Las terceras son del gran estudioso y escritor bíblico francés Georges Anzou:

“Sin la Eucaristía, tenemos en la Biblia la palabra de un ausente. Sin la Biblia, tenemos en la Eucaristía una presencia muda”.

Por último, mi gran esperanza nace, precisamente de mi más importante flotador contra el miedo: de la oración y la asistencia del Espíritu Santo.

Así pues, con esta esperanza empezaré la singladura en el próximo envío. No tengo ningún plan preconcebido sobre el camino a seguir, excepto que intentaré seguir, mientras pueda, el orden habitual en que aparecen los libros en la inmensa mayoría de las Biblias. Confío en llegar a buen puerto. Como dije al principio, con esta inestimable ayuda y con estos flotadores contra mis miedos, tengo la convicción de que debo y puedo hacerlo. Veremos.

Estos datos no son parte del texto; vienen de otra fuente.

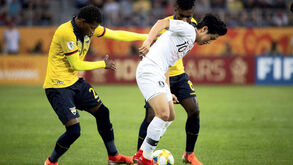 Coreia do Sul vence Equador e defronta Ucrânia na final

[1] San Agustín, De Doctrina Christiana, Libro II, capítulo IX, nº 14. Para hacer justicia tengo que decir que este texto lo encontré en el prefacio de una Biblia que regalé a un amigo mío que dijo que también iba a empezar su lectura. Copié el párrafo en un papel que perdí, pero ya tenía aprehendidos en la cabeza sus principios. Ahora suelo guardar en mis archivos del ordenador todo lo interesante que leo, con la debida etiqueta que me permita buscarlo en cualquier momento. Pero in illo tempore, no había ordenadores personales, de modo que el párrafo textual quedó perdido y jamás pude volver a encontrarlo. Afortunadamente, cuento entre mis amigos a uno de los mayores eruditos –y a la vez didáctico– que he conocido nunca, mi admirado Salvador Antuñano. Cuando he querido encontrar la cita, he recurrido a él que, a vuelta de correo electrónico, me la ha enviado, junto con el nombre de la obra en la que aparece, así como el lugar en la misma y un link a la obra completa, que no he leído, pero que, sin duda leeré, y que os adjunto por si os resulta de utilidad.